Dynamic response to changing circumstances has been a feature of Agarwal’s own recent work. An operating system is, essentially, a collection of smaller programs that execute rudimentary tasks. One example is the file system, which keeps track of where different chunks of data are stored, so that they can be retrieved when a core or an output device requires them. Agarwal and his research group have figured out how to break up several such rudimentary tasks so that they can run in parallel on multiple cores. If requests from application software begin to proliferate, the operating system can simply call up additional cores to handle the load. Agarwal envisions each subsystem of FOS as a “fleet of services” that can expand and contract as circumstances warrant.

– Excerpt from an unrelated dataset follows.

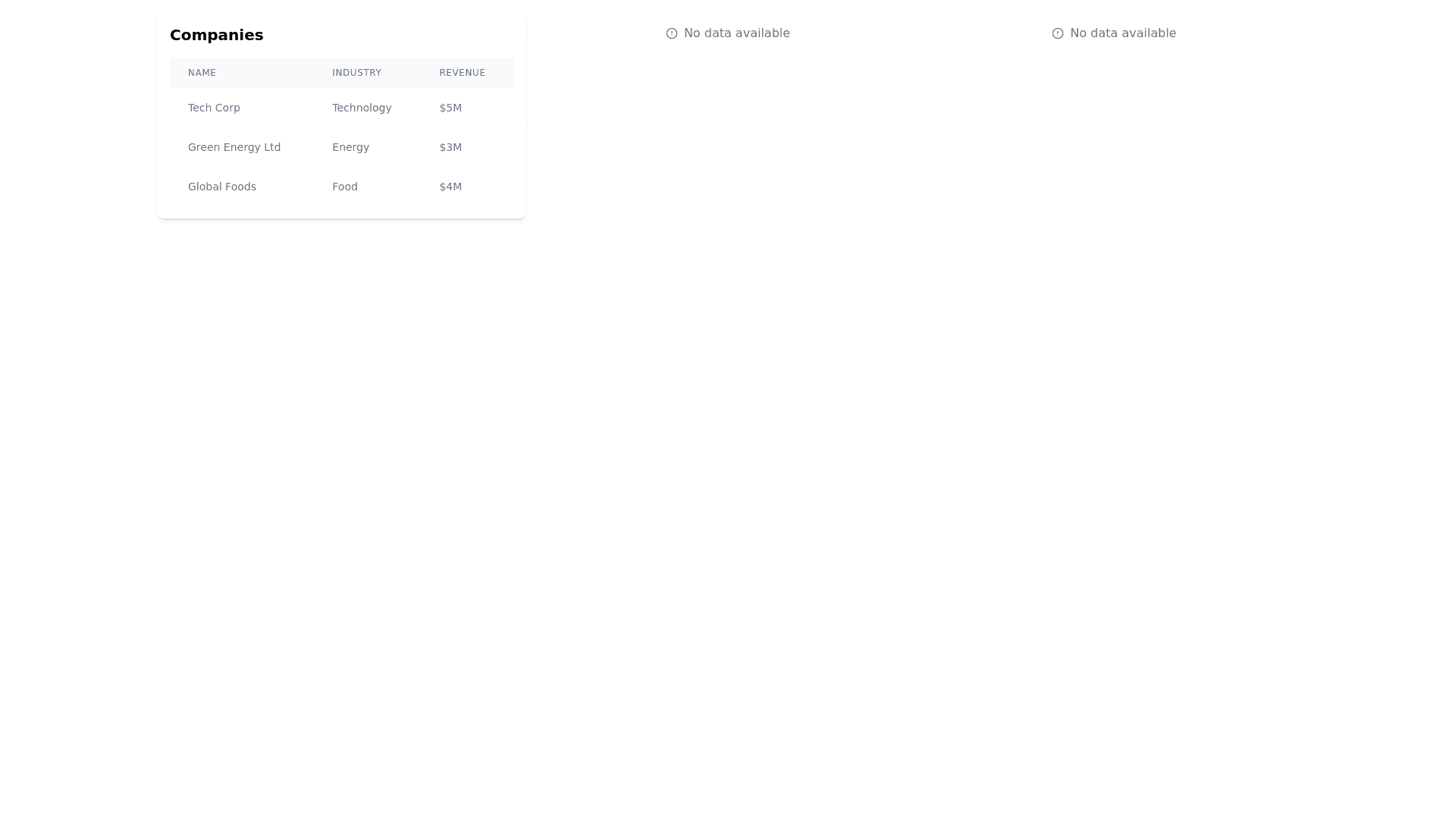 Component Preview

In theory, a computer chip has two main components: a processor and a memory circuit. The processor retrieves data from the memory, performs an operation on it, and returns it to memory. But in practice, chips have for decades featured an additional, smaller memory circuit called a cache, which is closer to the processor, can be accessed much more rapidly than main memory, and stores frequently used data.

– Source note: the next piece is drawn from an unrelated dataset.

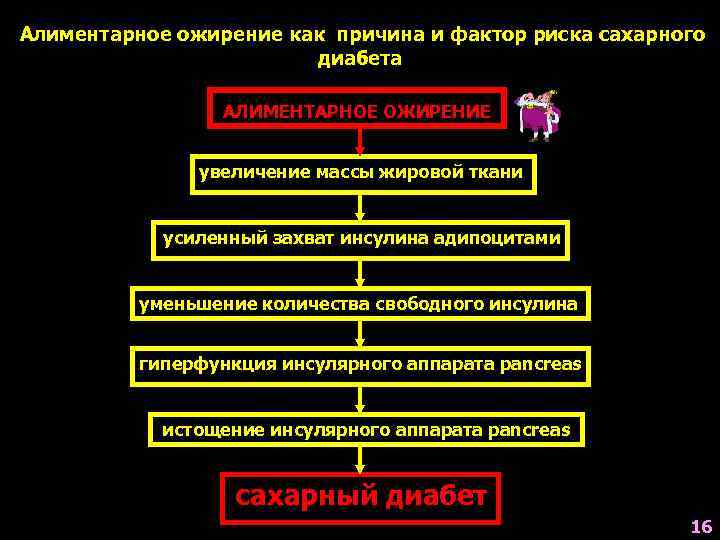 Ожирение при диабете. Сахарный диабет и ожирение связь. Алиментарное ожирение Патохимия. Ожирение при сахарном диабете 2 типа. Причины алиментарного ожирения.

In a multicore chip, each core has its own cache. A core could probably access the caches of neighboring cores more efficiently than it could main memory, but current operating systems offer no way for one core to get at the cache of another. Work by Angstrom member and computer-science professor Frans Kaashoek can help redress that limitation. Kaashoek has demonstrated how the set of primitive operations executed by a computer chip can be expanded to allow cores access to each other’s caches. In order to streamline a program’s execution, an operating system with Kaashoek’s expanded instruction set could, for instance, swap the contents of two caches, so that data moves to the core that needs it without any trips to main memory; or one core could ask another whether it contains the data stored at some specific location in main memory.

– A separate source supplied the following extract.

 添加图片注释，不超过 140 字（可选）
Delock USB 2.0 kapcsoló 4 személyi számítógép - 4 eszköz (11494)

Since Angstrom has the luxury of building a chip from the ground up, it’s also going to draw on work that Kaashoek has done with assistant professor Nickolai Zeldovich to secure operating systems from outside attack. An operating system must be granted some access to primitive chip-level instructions — like Kaashoek’s cache swap command and cache address request. But Kaashoek and Zeldovich have been working to minimize the number of operating-system subroutines that require that privileged access. The fewer routes there are to the chip’s most basic controls, the harder they are for attackers to exploit.
Computer-science professor Srini Devadas has done work on electrical data connections that Angstrom is adopting (and which the previous article in this series described), but outside Angstrom, he’s working on his own approach to multicore operating systems that in some sense inverts Kaashoek’s primitive cache-swap procedure. Instead of moving data to the cores that require it, Devadas’ system assigns computations to the cores with the required data in their caches. Sending a core its assignment actually consumes four times as much bandwidth as swapping the contents of caches does, so it also consumes more energy. But in multicore chips, multiple cores will frequently have cached copies of the same data. If one core modifies its copy, all the other copies have to be updated, too, which eats up both energy and time. By reducing the need for cache updates, Devadas says, a multicore system that uses his approach could outperform one that uses the traditional approach. And the disparity could grow if chips with more and more cores end up caching more copies of the same data.